Raw data ▸
----

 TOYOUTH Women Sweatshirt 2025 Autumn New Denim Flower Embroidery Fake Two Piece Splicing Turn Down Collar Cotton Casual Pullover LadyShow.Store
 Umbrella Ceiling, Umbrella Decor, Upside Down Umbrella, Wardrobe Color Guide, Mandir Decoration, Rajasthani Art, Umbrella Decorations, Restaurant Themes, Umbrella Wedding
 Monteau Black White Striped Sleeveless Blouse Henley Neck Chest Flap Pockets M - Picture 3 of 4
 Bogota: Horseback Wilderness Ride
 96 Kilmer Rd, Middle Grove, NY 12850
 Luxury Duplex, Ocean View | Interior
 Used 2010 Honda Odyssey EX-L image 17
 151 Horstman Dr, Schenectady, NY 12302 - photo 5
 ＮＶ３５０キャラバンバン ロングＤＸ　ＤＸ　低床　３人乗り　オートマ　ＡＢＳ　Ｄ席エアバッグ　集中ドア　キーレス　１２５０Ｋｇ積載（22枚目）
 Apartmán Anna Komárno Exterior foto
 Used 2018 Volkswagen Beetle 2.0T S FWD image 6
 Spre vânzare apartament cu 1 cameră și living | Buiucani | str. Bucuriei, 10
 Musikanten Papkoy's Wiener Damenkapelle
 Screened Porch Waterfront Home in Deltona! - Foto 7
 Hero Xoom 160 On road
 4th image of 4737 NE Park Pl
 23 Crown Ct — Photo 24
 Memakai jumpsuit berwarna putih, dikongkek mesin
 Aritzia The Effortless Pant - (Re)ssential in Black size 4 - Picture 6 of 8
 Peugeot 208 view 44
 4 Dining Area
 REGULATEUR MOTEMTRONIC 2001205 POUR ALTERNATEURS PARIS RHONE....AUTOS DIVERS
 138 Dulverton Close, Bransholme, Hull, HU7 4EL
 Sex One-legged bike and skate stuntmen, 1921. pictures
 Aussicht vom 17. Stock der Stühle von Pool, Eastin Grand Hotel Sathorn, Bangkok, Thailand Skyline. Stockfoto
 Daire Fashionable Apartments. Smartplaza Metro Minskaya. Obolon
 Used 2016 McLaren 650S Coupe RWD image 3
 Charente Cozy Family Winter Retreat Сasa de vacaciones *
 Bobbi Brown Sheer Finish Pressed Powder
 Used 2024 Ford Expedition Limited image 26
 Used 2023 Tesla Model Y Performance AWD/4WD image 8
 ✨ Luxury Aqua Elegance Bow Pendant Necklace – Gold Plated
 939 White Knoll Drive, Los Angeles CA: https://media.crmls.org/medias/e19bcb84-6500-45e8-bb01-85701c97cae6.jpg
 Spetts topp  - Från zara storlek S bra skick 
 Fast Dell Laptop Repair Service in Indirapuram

----

What to work on ▸
Scan the entries above for the string "Black" and copy each line that contains it.

Reply ▸
 Monteau Black White Striped Sleeveless Blouse Henley Neck Chest Flap Pockets M - Picture 3 of 4
 Aritzia The Effortless Pant - (Re)ssential in Black size 4 - Picture 6 of 8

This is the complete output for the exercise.